GOAL OF THE EXERCISE: Nothing outside the lines below from the one containing "Walmart Flagged —" through the one containing "realistic girl faceless" is to be printed; print those exactly, ends included, and drop the pictures.

━━━ TASK MATERIAL ━━━

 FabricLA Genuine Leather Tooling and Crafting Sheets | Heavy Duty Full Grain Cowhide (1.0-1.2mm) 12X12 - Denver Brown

━━━
━━━ TASK MATERIAL ━━━

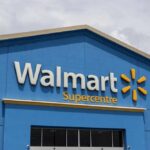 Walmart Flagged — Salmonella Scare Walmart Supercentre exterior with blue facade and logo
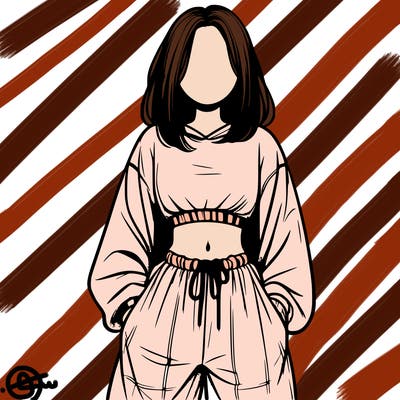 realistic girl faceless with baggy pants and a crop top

━━━

WRITTEN ANSWER:
 Walmart Flagged — Salmonella Scare Walmart Supercentre exterior with blue facade and logo
 realistic girl faceless with baggy pants and a crop top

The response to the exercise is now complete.